▸ DATA SECTION:
[Start of section]

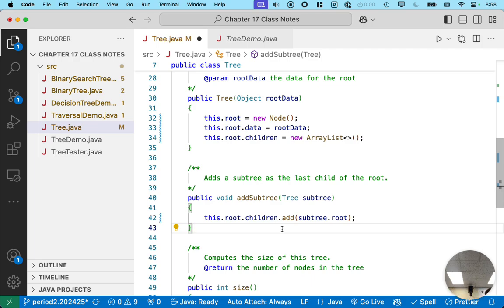Yeah, absolutely. I confused the concept of a tree with the concept of a node, right? So, I tried to use a reference to a tree when I really needed a reference to the node in that tree. In this case, the root node in the tree.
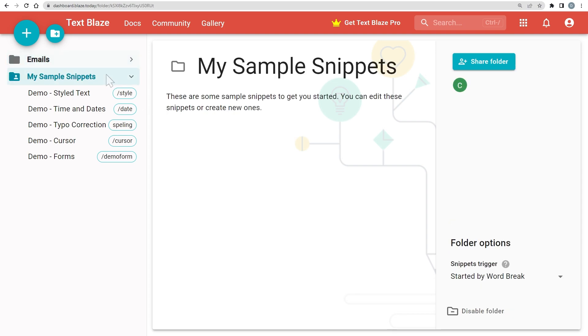Note that this action only disables the folder for your dashboard. Other people in the shared folder will not be affected.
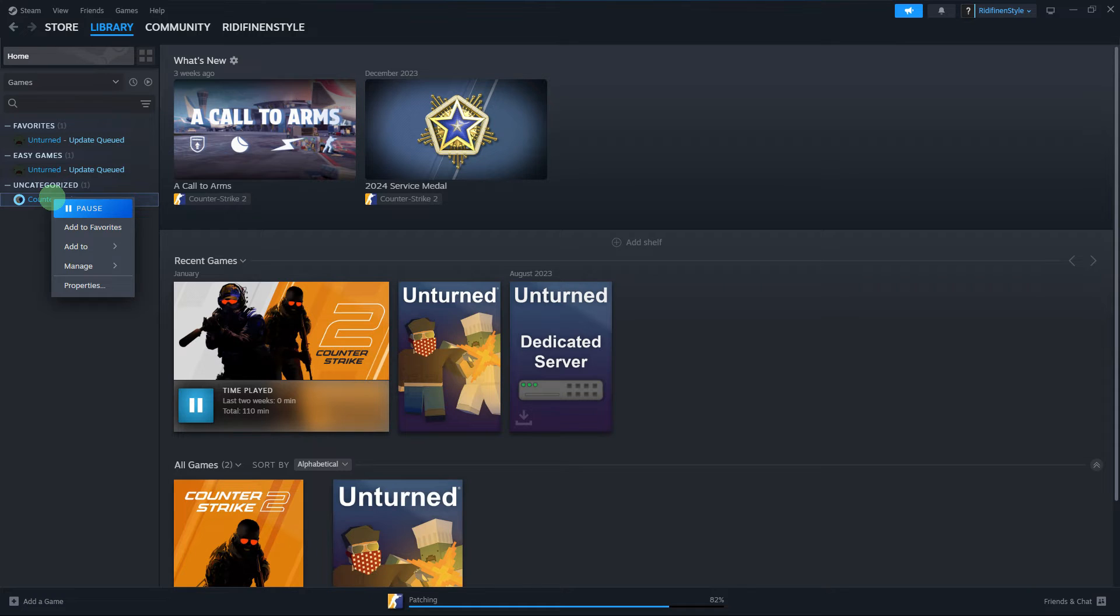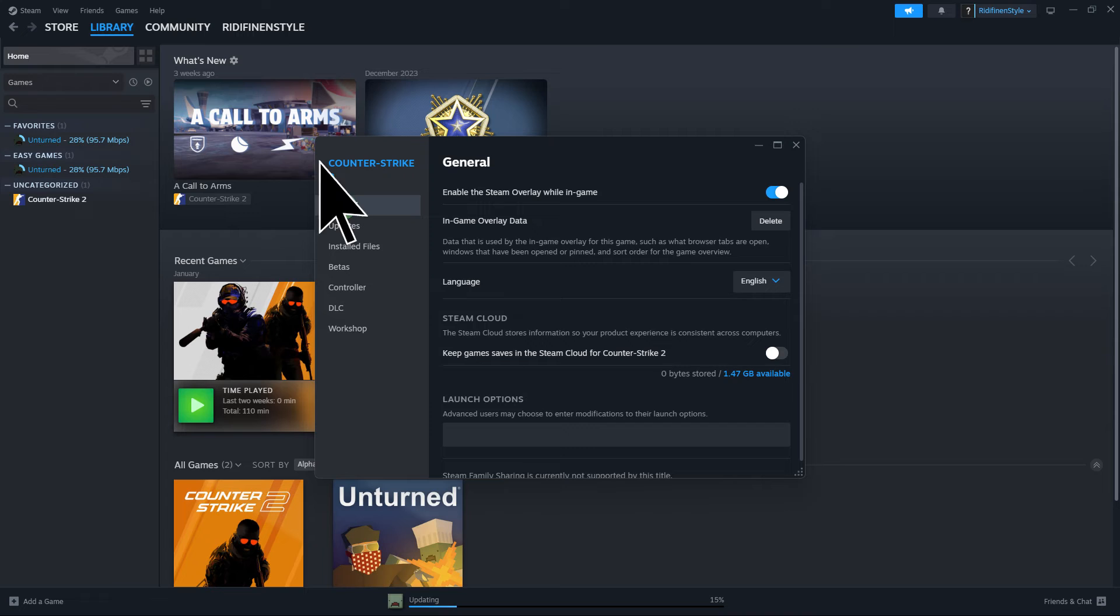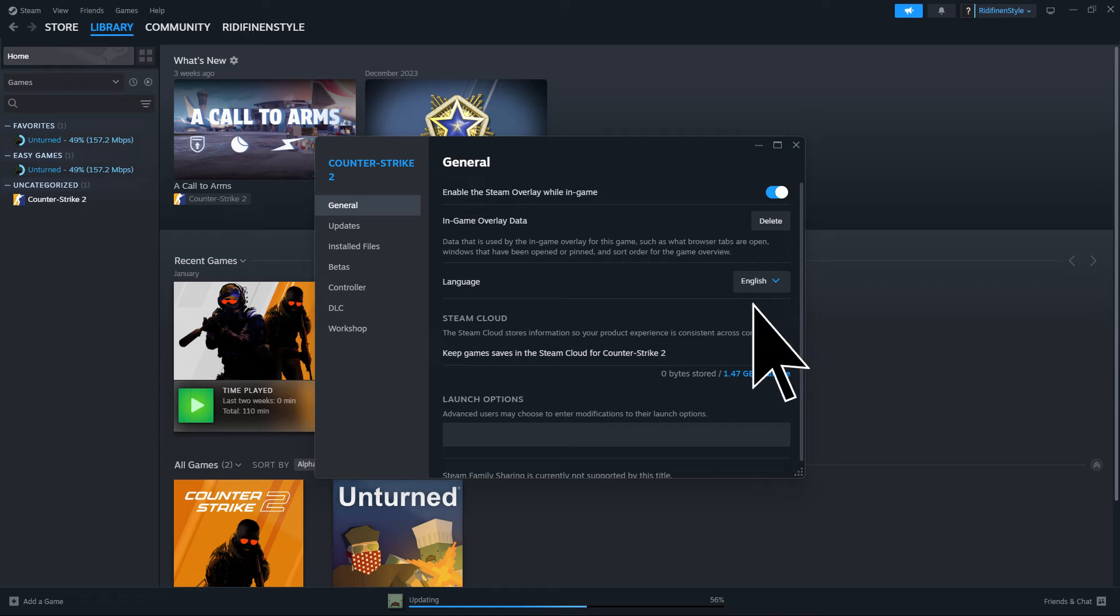To enable it, right-click on the game in your Steam Library. Go to Properties and navigate to the General tab. Ensure the Keep Games in Steam Cloud option is enabled.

[End of section]

▸ EXERCISE BRIEF:
Output all the data above verbatim, leaving out images.

▸ WRITTEN ANSWER:
Yeah, absolutely. I confused the concept of a tree with the concept of a node, right? So, I tried to use a reference to a tree when I really needed a reference to the node in that tree. In this case, the root node in the tree.
Note that this action only disables the folder for your dashboard. Other people in the shared folder will not be affected.
To enable it, right-click on the game in your Steam Library. Go to Properties and navigate to the General tab. Ensure the Keep Games in Steam Cloud option is enabled.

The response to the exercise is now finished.